NRW: Nicht schlechter, sondern anders
Die SPD-nahe Friedrich-Ebert-Stiftung hatte den Minister zur Diskussionsrunde geladen. Das Thema: „Miteinander gerecht leben“; wie die Lage sich darstellt nach dem Zuzug von Flüchtlingen seit Sommer 2015. Für Borjans „alles andere als negativ“. NRW, das Bundesland müsse man sich als „riesigen Stadtstaat“ vorstellen. Rund die Hälfte der deutschen Großstädte seien hier, das Land „dichter besiedelt, größer, bunter“ – nicht schlechter oder besser als andere, sondern „anders: Ich bin sehr froh in NRW zu leben“.
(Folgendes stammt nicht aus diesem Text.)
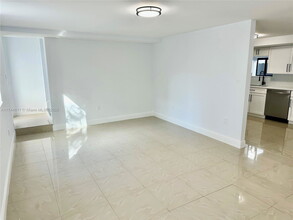1669 SW 12th St-Unit -1 in Miami, FL - Building Photo - Building Photo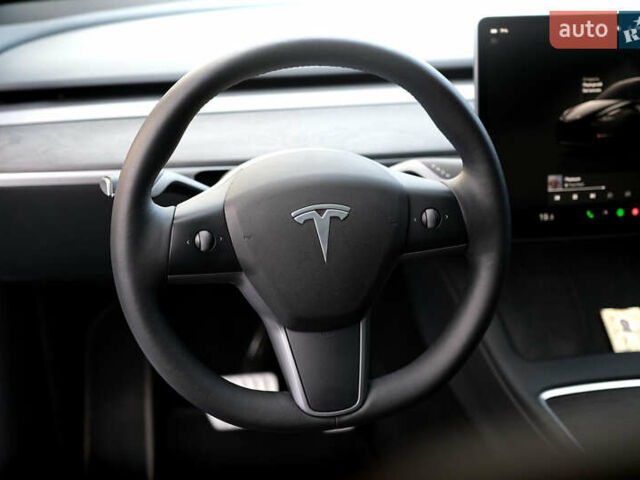 Белый Тесла Model Y, объемом двигателя 0 л и пробегом 25 тыс. км за 35499 $, фото 38 на Automoto.ua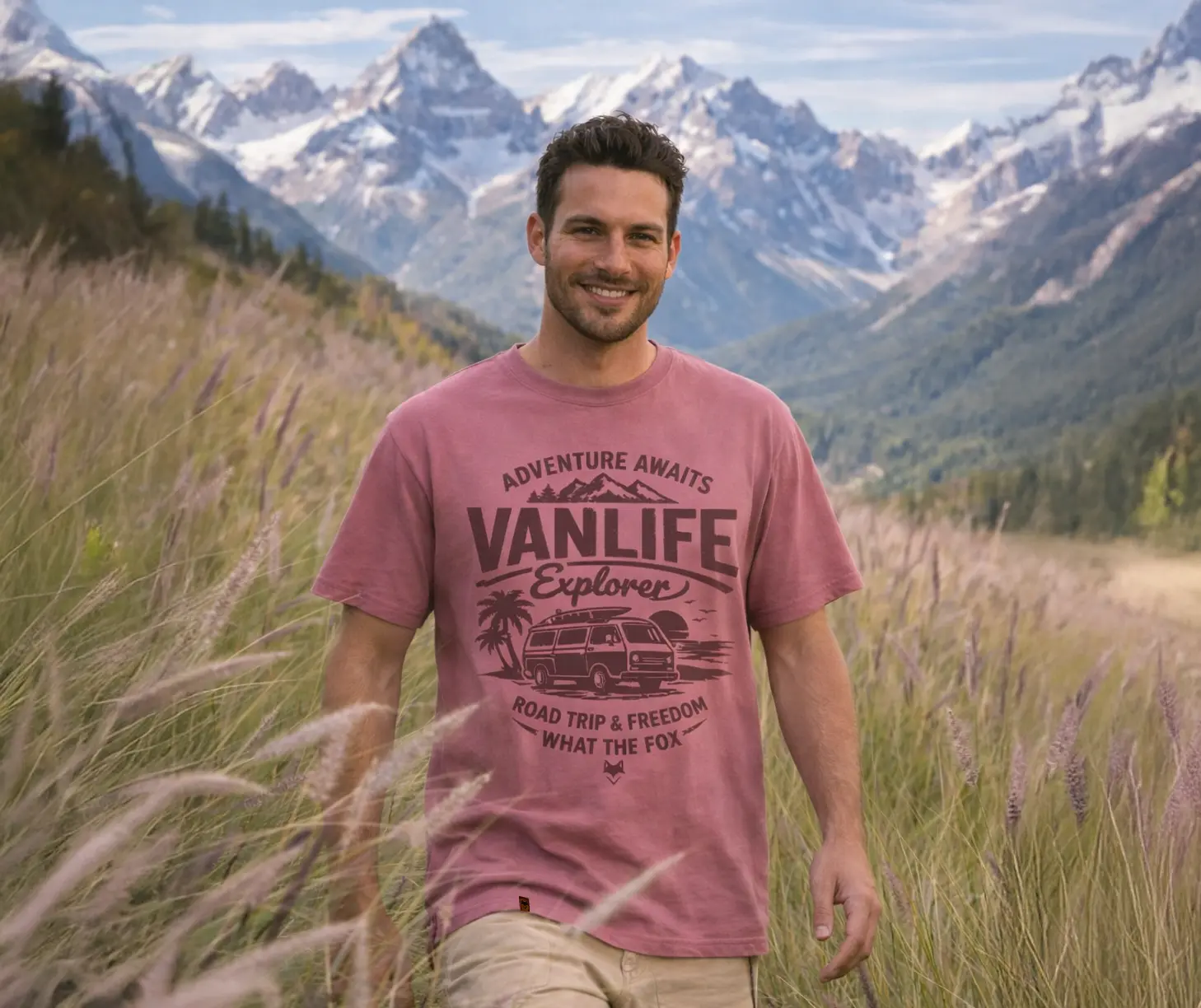 homme pris en photo pendant une randonnée dans les pyrénnées portant un t-shirt "vanlife explorer"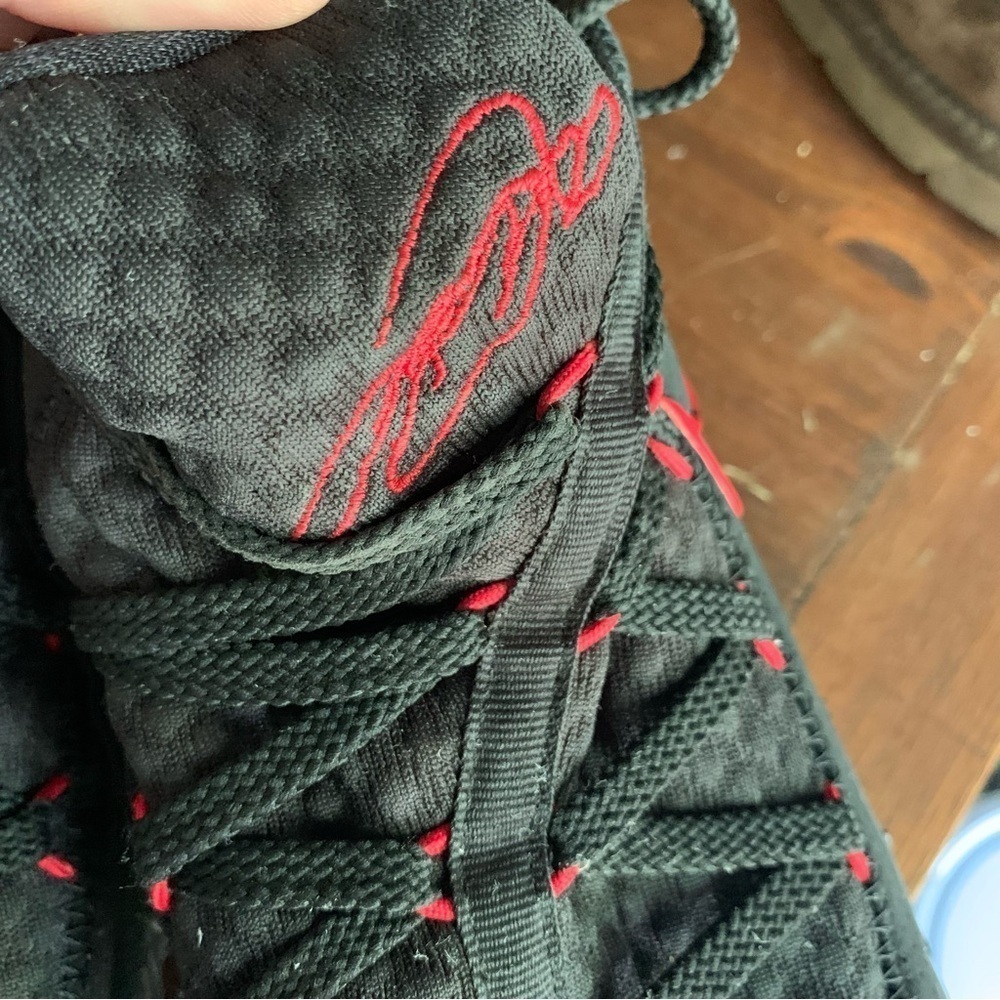 Nike LeBron 17 Low Bred CD5007-001 Black / Red Sz 10.5 - Picture 6 of 9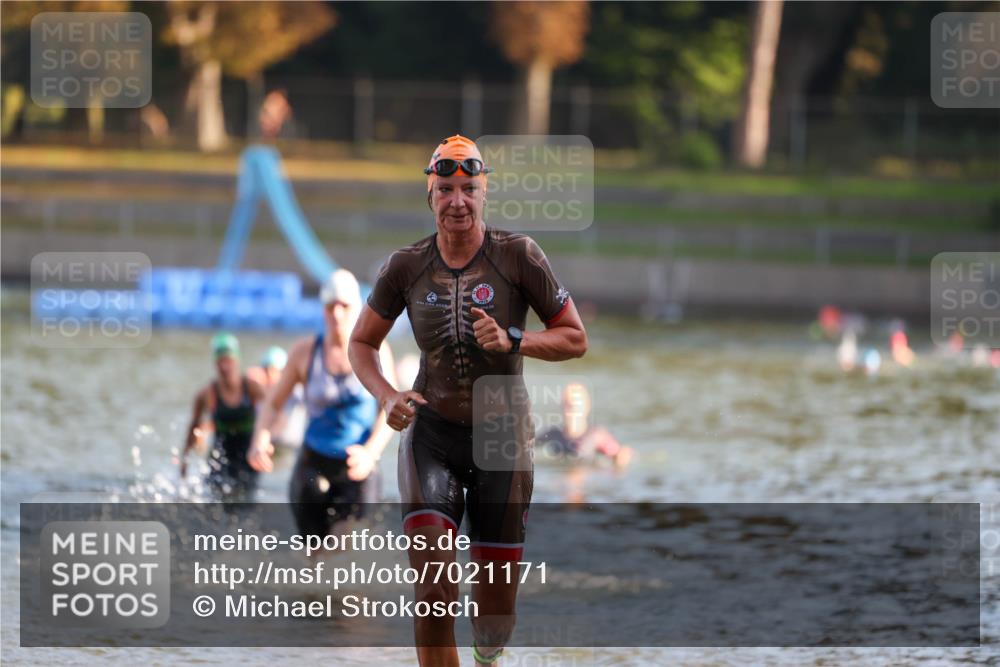 08.09.2024 - Stadtparktriathlon Michael Strokosch http://msf.ph/oto/7021171 08.09.2024 09:06:49 Schwimmen 138, 150, 163 meine-sportfotos.de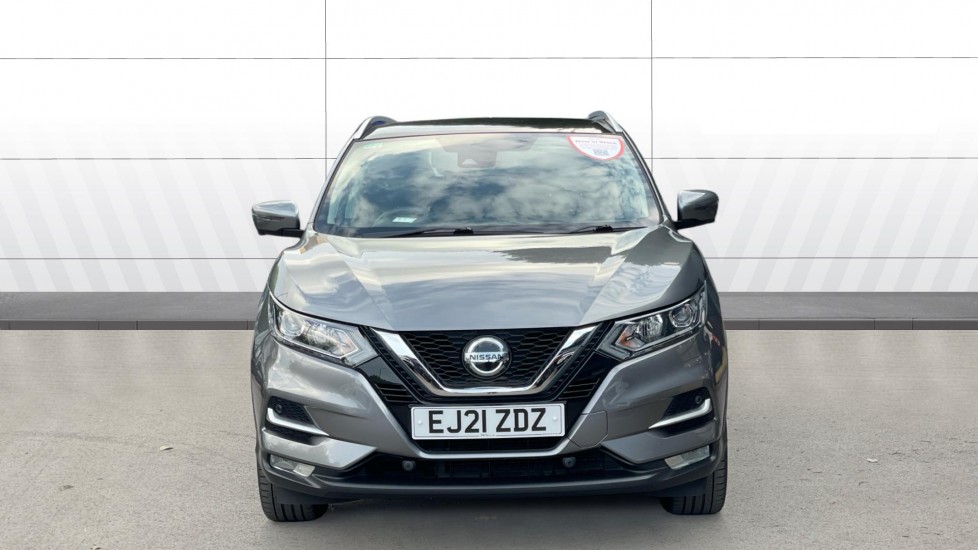 Nissan Qashqai 1.3 DiG-T N-Connecta 5dr [Glass Roof Pack] Petrol Hatchback - Image 3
Irgendwie „anders“ betrachtet der SPD-Minister auch die Flüchtlingsdiskussion: Die öffentliche Hand würde insgesamt rund 25 Milliarden zusätzlich aufbringen, für die Versorgung der geflohenen Menschen, und zur Integration. Die zusätzlich eingestellten Lehrer seien aber auch Wohnungsmieter, Autokäufer: „Das ist ein riesiges Konjunkturprogramm“, das dem Bund geschätzt 6 bis 8 Milliarden zusätzliche Steuereinnahmen bringe, fast so viel wie der Bund für die neue Flüchtlingspolitik ausgebe: „Für Berlin ist das doch fast ein Nullsummenspiel“.
Verstopfte Steuerquellen
Weniger ausgeglichen fiel Borjans Kritik an Bundesfinanzminister Schäuble (CDU) aus; aber nur auf den ersten Metern. Angesichts der guten wirtschaftlichen Lage jetzt Steuersenkungen zu versprechen, sei unangebracht: „Oder heißt das umgekehrt, bei schlechter Konjunktur die Steuern wieder zu erhöhen?“ Doch wie Schäuble kann sich auch der SPD-Politiker Borjans Entlastungen der Schwächeren vorstellen. Die gute alte große Koalition lebt.
Gerecht miteinander leben: Deutschland sieht Borjans auf Kurs, der Zusammenhalt sei besser als in vielen anderen europäischen Ländern. Anders sehe das international aus: Das exportstarke Industrieland profitiere enorm von der europäischen Geldpolitik, dabei sollten mit der eigentlich die Produkte der südlichen EU-Staaten günstiger gehalten werden. Ungerechtigkeit sei ein europäisches und natürluch ein globales Problem, die Ausbeutung in den ärmsten Ländern auch eine Fluchtursache. Das Flüchtlingsthema sei auch deshalb eine gesamtstaatliche Aufgabe, die alle schultern müssten. Besser und viel gerechter ginge das, sagt der Finanzminister und berühmte Steuer-CD-Käufer, wenn man die „verstopften Steuerquellen“ endlich öffnen könne: Etwa Apple dazu zu bringen in Europa mehr Steuern zu zahlen, als die 0,005 Prozent, die der Weltkonzern in Irland löhne.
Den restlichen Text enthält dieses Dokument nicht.